Published April 16, 2006
The Voluntary Carbon Standard is a new standard intended to cover greenhouse gas (GHG) emissions reduction projects developed for voluntary markets. It is being promoted by the International Emissions Trading Association and The Climate Group, and is in response to the absence of a universally recognized voluntary standard for carbon offsets. According to The Climate Group, "the Voluntary Carbon Standard will ensure that all voluntary emissions reductions that meet its criteria are additional and represent real, quantifiable, and permanent emission reductions."

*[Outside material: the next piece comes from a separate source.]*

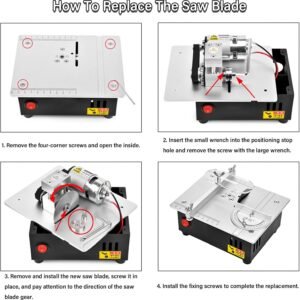 Preciseness Mini Electric Dining Table Found, Do-it-yourself Interest Handmade Wood Working Workbench Reducing Maker Changeable Reduce Deepness Small Pc Found for Mini Timber Designed (Lifting variation) - Image 3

I've addressed the issue of "additionality" of GHG emissions reduction projects in previous columns, and it is abundantly clear that no standard can ever be perfect. The real question is whether the Voluntary Carbon Standard is likely to result in a higher proportion of “additional and real” reductions than the application of other voluntary standards.
It's not intuitively obvious to me from reading the available information on this new standard that we should expect such an outcome. What I find most interesting about the standard is that it takes many elements of mandatory GHG markets and simply moves them over into the voluntary market. You can see this in the standard’s approach to additionality, the documentation of reductions, and the monitoring and verification (M&V) provisions.

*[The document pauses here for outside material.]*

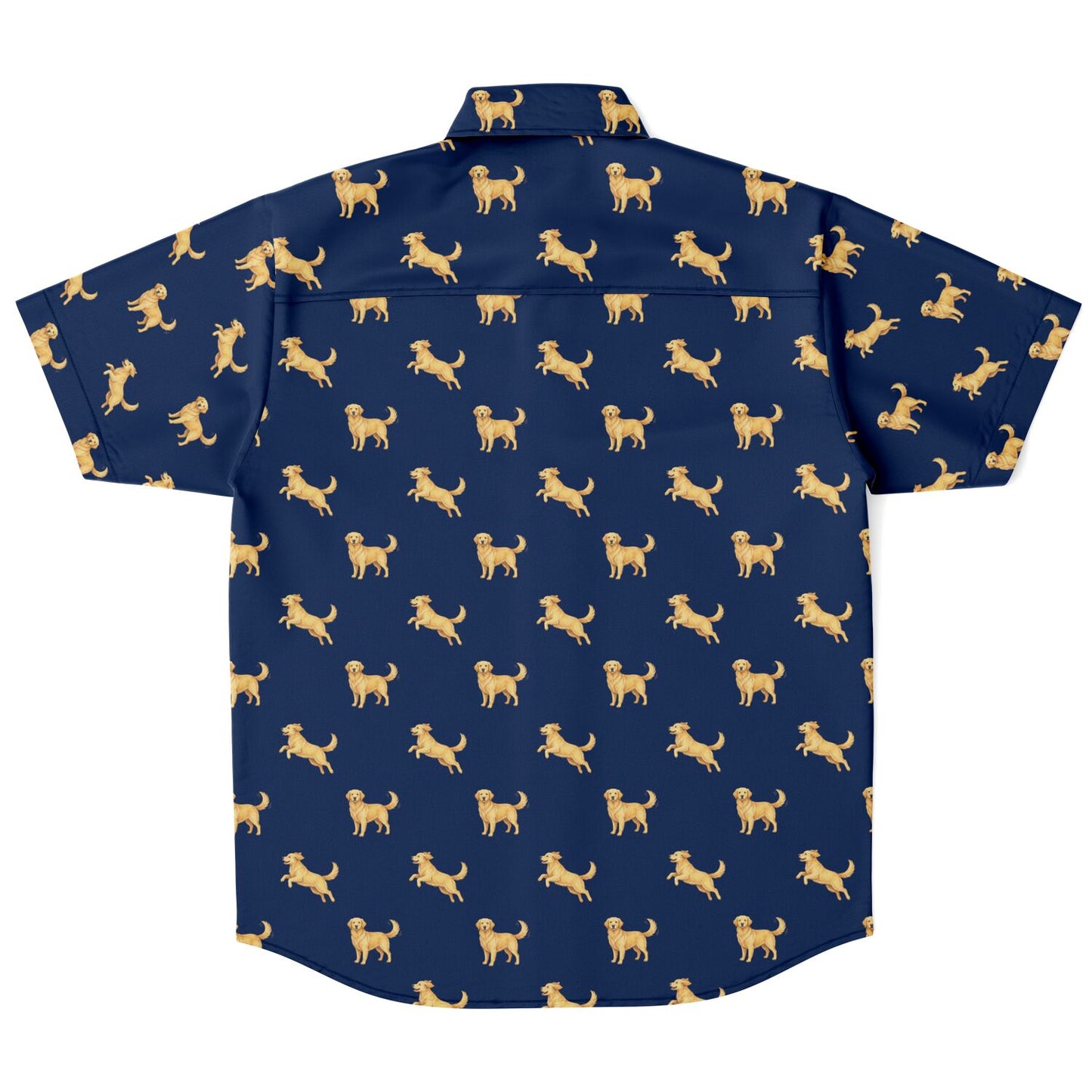 Golden Retriever Men Button Up Shirt, Dog Animal Navy Short Sleeve Print Casual Buttoned Down Summer Male Guys Collared Designer Dress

Is this the direction we should go with voluntary carbon markets? After all, key differences exist between mandatory and voluntary markets. Compliance markets are charged with implementing specific policy mandates, which can dramatically constrain the scope of qualifying activities and raise transaction costs. Voluntary markets, however, do not implement any particular policy mandates. A key role of voluntary markets can be to set the stage for future policy. As such, it can make sense to apply different standards to voluntary offsets.

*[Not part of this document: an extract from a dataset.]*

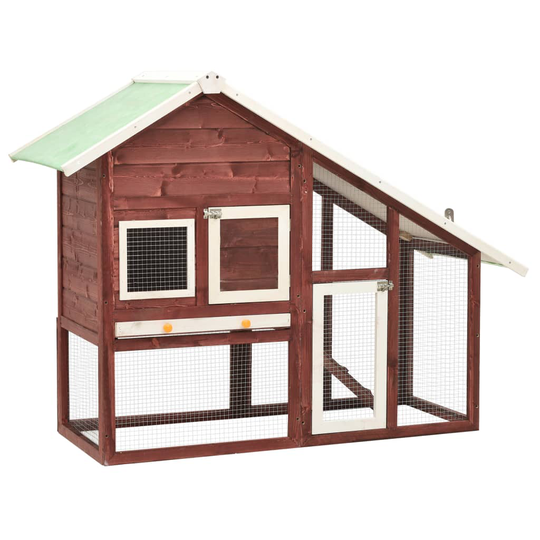 vidaXL Kaninkoppi mokka ja valkoinen 140x63x120 cm täysi kuusi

Voluntary markets can maintain environmental integrity without the precise quantification, unambiguous ownership requirements, and in-depth M&V protocols required of compliance markets. The voluntary market has the flexibility to encourage innovation. It may be able to provide the most benefit to small-scale projects and technologies that the regulatory market tends to overlook (either because the projects fail to meet a required threshold or because they are too small to bear the high transaction costs often associated with regulatory offsets). For example, one could include sectors that may be harder to quantify or credits for which it is more difficult to demonstrate ownership, or allow credits to be front-loaded, which makes it much easier to fund truly additional projects with limited funding. As long as these issues are transparently addressed, voluntary markets offer much more flexibility in program design than do compliance markets.
The goals espoused by The Climate Group and IETA are laudable, and I find much I can agree with in terms of trying to ensure credibility and avoid undue complexity. But the Voluntary Carbon Standard seems to be willing to sacrifice considerable flexibility, flexibility that -- I would argue -- is a key component of the voluntary GHG market. My suspicion is that there will be considerable pushback from voluntary market players that don’t see the advantages of the standard and who chafe at its increased costs.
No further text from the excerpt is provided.